In those initial weeks of healing, before the white room and the chair and the light, Zubaydah seems to have talked freely with his captors, and during this time, according to news reports, FBI agents began to question him using “standard interview techniques,” ensuring that he was bathed and his bandages changed, urging improved medical care, and trying to “convince him they knew details of his activities.” (They showed him, for example, a “box of blank audiotapes which they said contained recordings of his phone conversations, but were actually empty.”) According to this account, Abu Zubaydah, in the initial days before the white room, “began to provide intelligence insights into Al Qaeda.”

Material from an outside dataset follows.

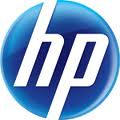 hplaptop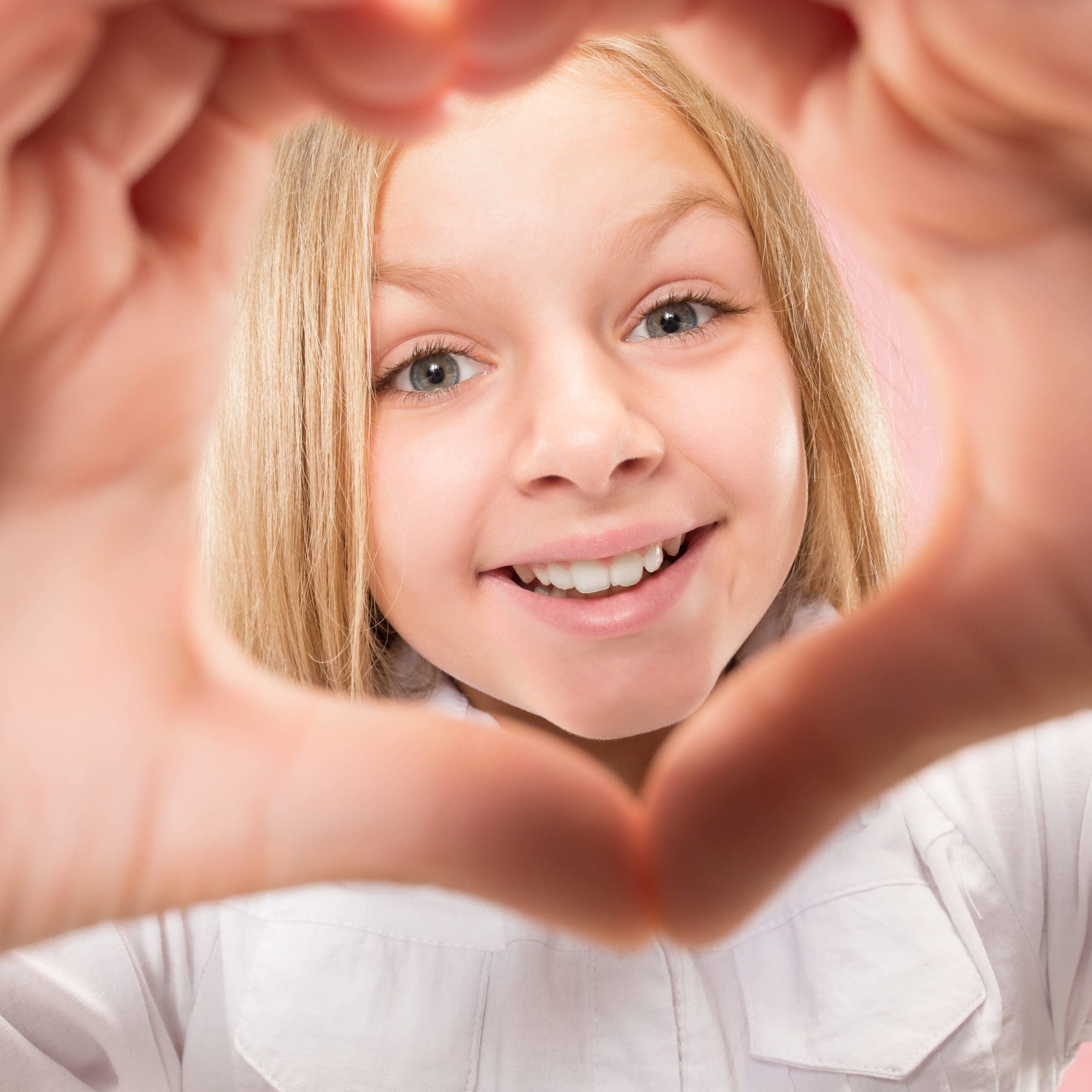 Dental Hygiene - Parkway Clinic - Top Image 2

Or did he? “How Good Is Abu Zubaydah’s Information?” asked a Newsweek “Web exclusive” on April 27, 2002, less than a month after his capture. The extreme secrecy and isolation in which Abu Zubaydah was being held, at a location unknown to him and to all but a tiny handful of government officials, did not prevent his “information” being leaked from that unknown place directly into the American press—in the cause, apparently, of a bureaucratic struggle between the FBI and the CIA. Even Americans who were not following closely the battling leaks from Zubaydah’s interrogation would have found their lives affected, whether they knew it or not, by what was happening in that faraway white room; for about the same time the Bush administration saw fit to issue two “domestic terrorism warnings,” derived from Abu Zubaydah’s “tips”—about “possible attacks on banks or financial institutions in the Northeastern United States” and possible “attacks on US supermarkets and shopping malls.” As Newsweek learned from a “senior US official,” presumably from the FBI—whose “standard interview techniques” had produced that information and the “domestic terrorism warnings” based on it—the prisoner was “providing detailed information for the ‘fight against terrorism.’” At the same time, however, “US intelligence sources”—presumably CIA—”wonder whether he’s trying to mislead investigators or frighten the American public.”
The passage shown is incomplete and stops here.